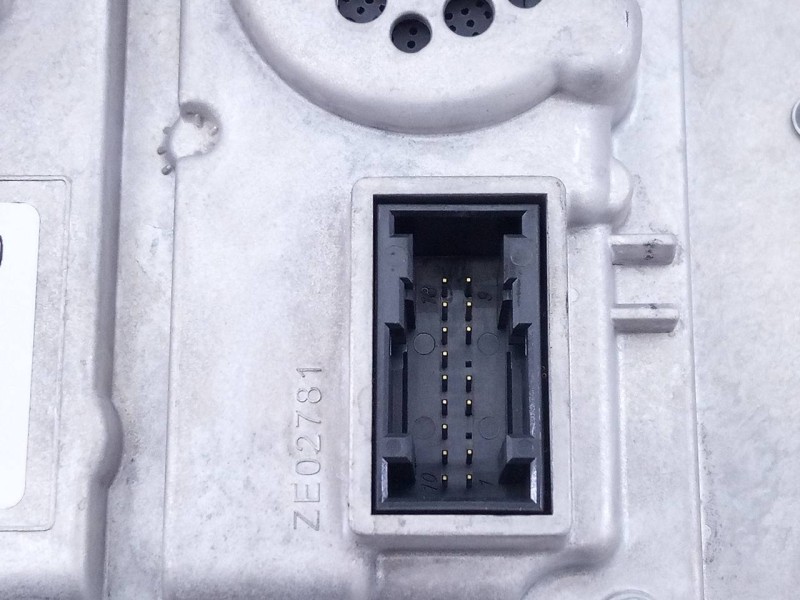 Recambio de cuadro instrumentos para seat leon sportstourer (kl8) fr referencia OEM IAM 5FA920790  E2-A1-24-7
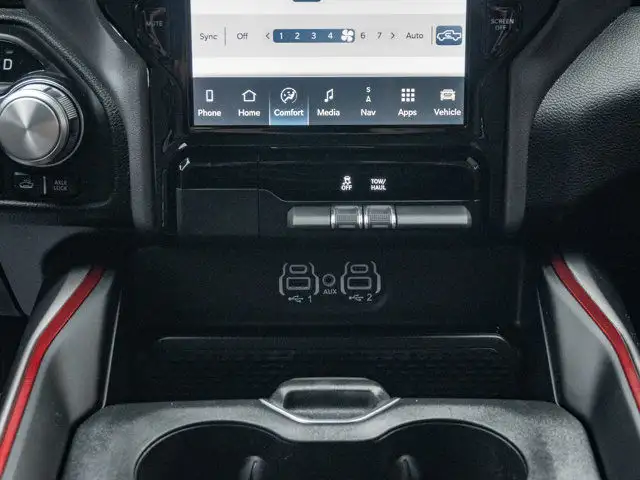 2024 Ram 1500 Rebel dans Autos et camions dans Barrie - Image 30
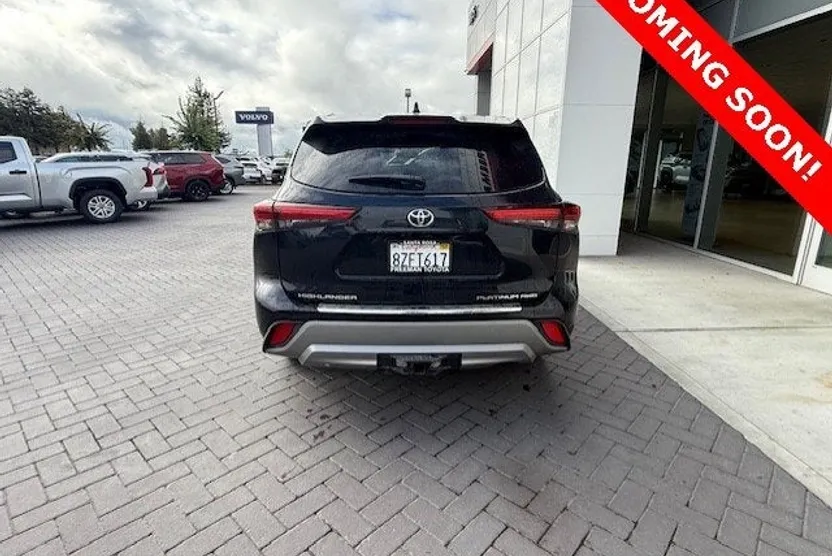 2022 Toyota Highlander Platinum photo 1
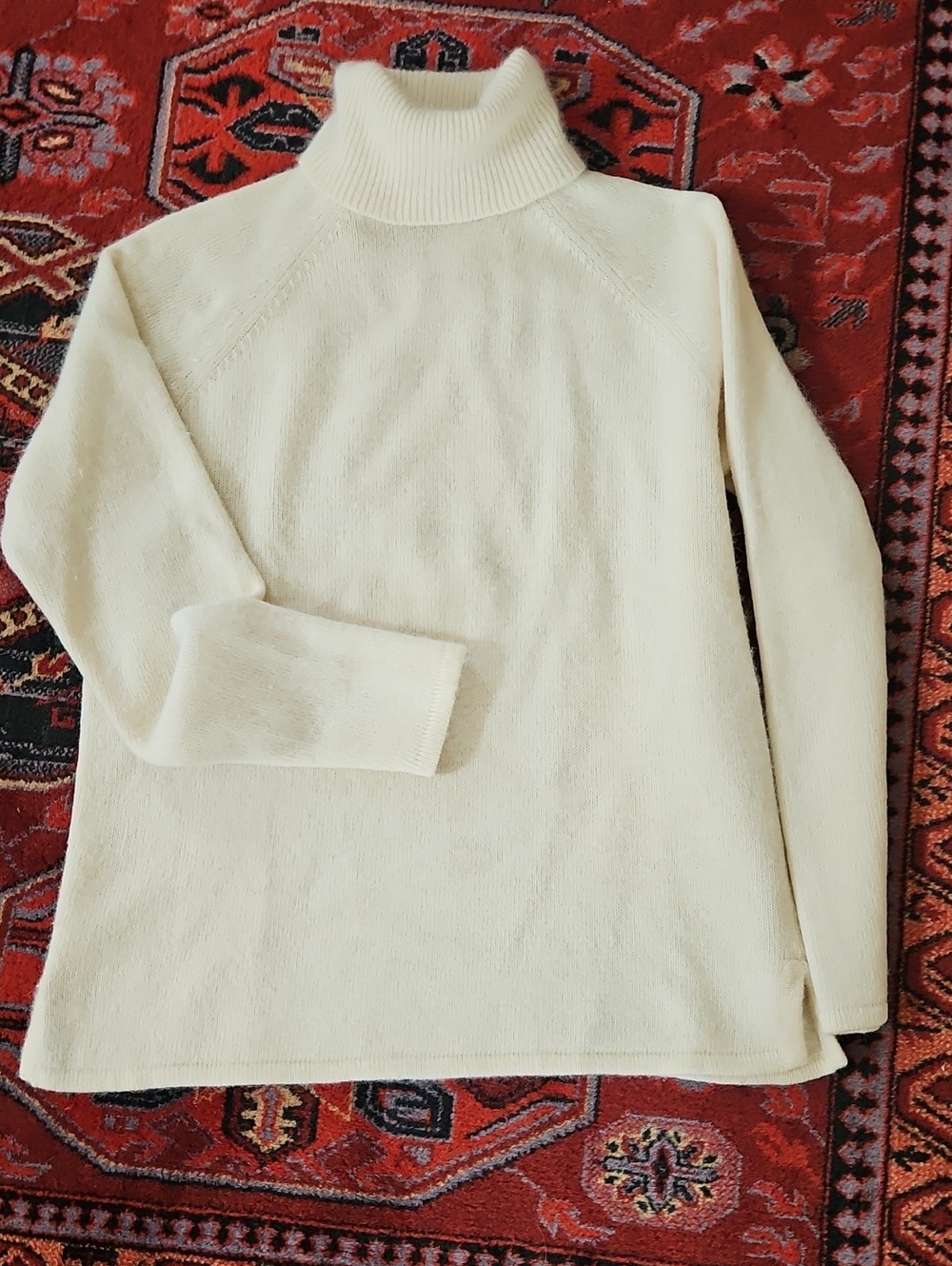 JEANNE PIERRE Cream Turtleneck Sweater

* ACTION ITEM *
Starting at the line that holds "2022 Toyota Highlander Platinum photo 1", retype every line through the end of the data, both ends included. Pictures stay out of the copy.

* EXERCISE RESULT *
 2022 Toyota Highlander Platinum photo 1
 JEANNE PIERRE Cream Turtleneck Sweater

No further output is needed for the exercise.